Whilst there was undoubtedly an acute need to implement an emergency pathway for Ukrainians wishing to seek refuge in UK, the hasty roll-out of the scheme has resulted in concerns and confusion around how Homes for Ukraine will work in practice. NACCOM, alongside other leading refugee and anti-exploitation charities, has warned that the scheme in its present form is potentially dangerous for refugees who have fled Ukraine, putting them at risk of trafficking and exploitation.
The experience of our members tells us that hosting works best when the right time, support and consideration has been given to facilitating a positive and safe hosting placement.
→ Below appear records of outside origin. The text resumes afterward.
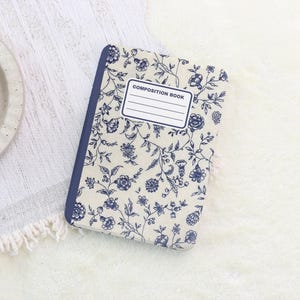 May include: A composition book with a floral pattern in blue and white. The cover features a repeating design of flowers and vines. The spine is a solid blue color, and the cover has a label that reads "COMPOSITION BOOK".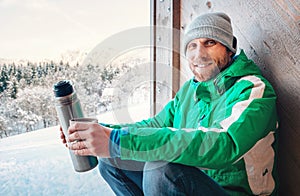 Happy smiling man portrait with hot drink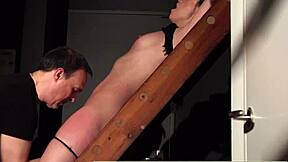 teasing bound slave ass into total submission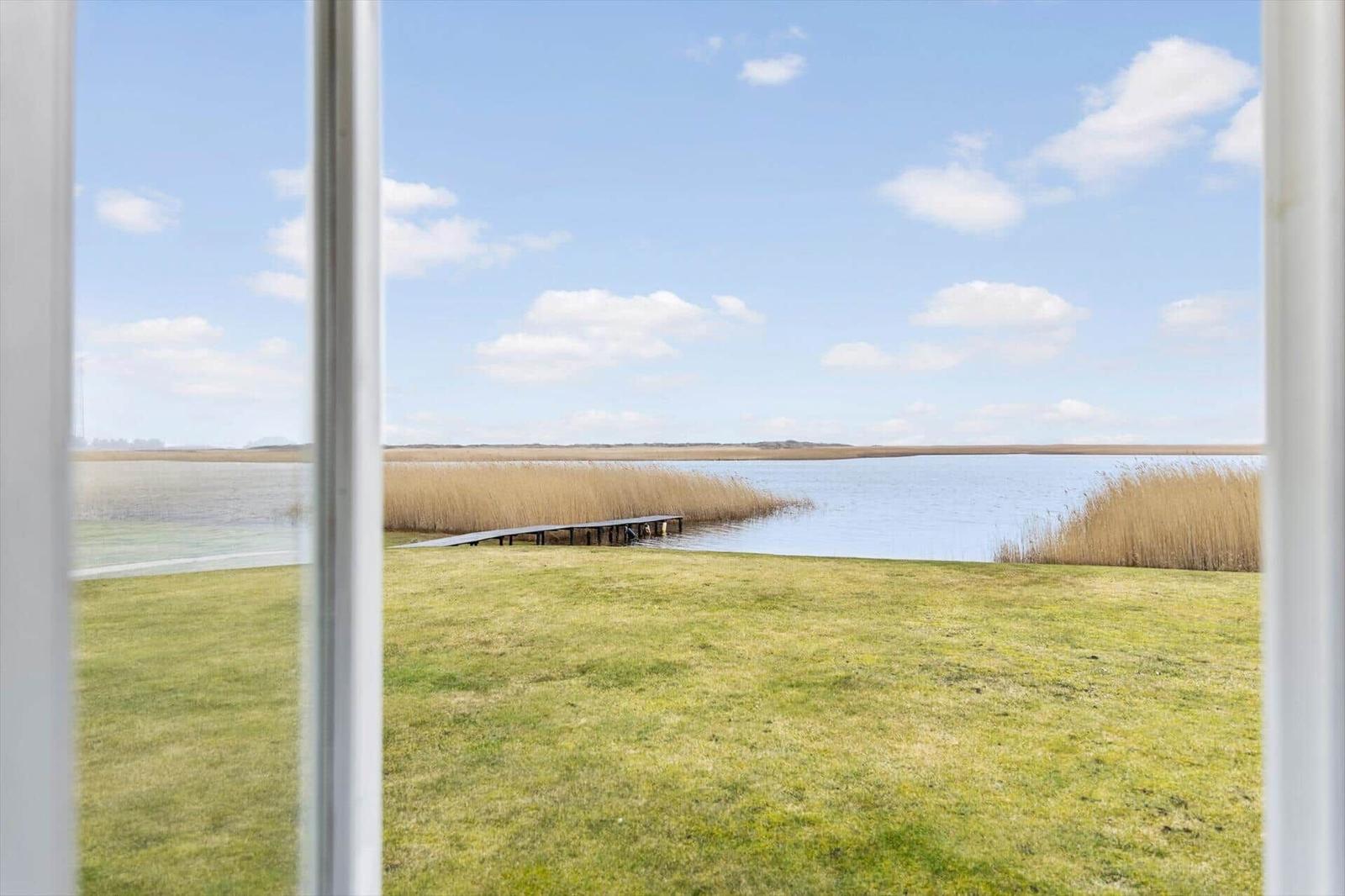 Blick aus dem Fenster auf einen See mit Ufergras und Steg.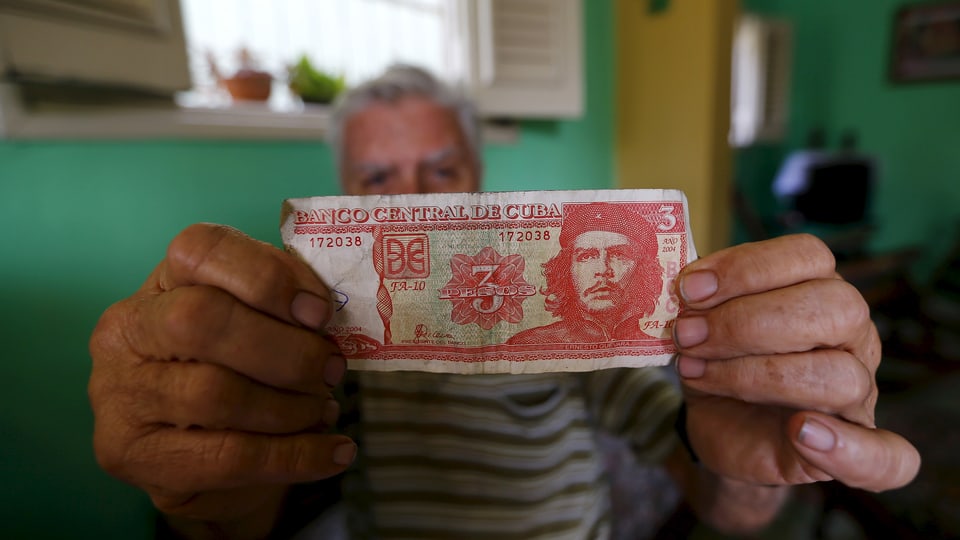 Ein Mann zeigt eine Drei-Peso-Note mit dem Konterfei Che Guevaras.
With the proper vetting and matching of hosts and guests, property checks, training to ensure a trauma-informed response and ongoing support within an appropriate community setting, hosting can provide a key pathway to safety for refugees.
It is also vital for the effective roll-out of Homes for Ukraine – and any future refugee protection scheme that needs to be deployed at pace – that hosting is understood to be a unique and distinct type of accommodation provision that will work best within a structured, holistic refugee resettlement pathway, which must be underpinned by a fair and just asylum system.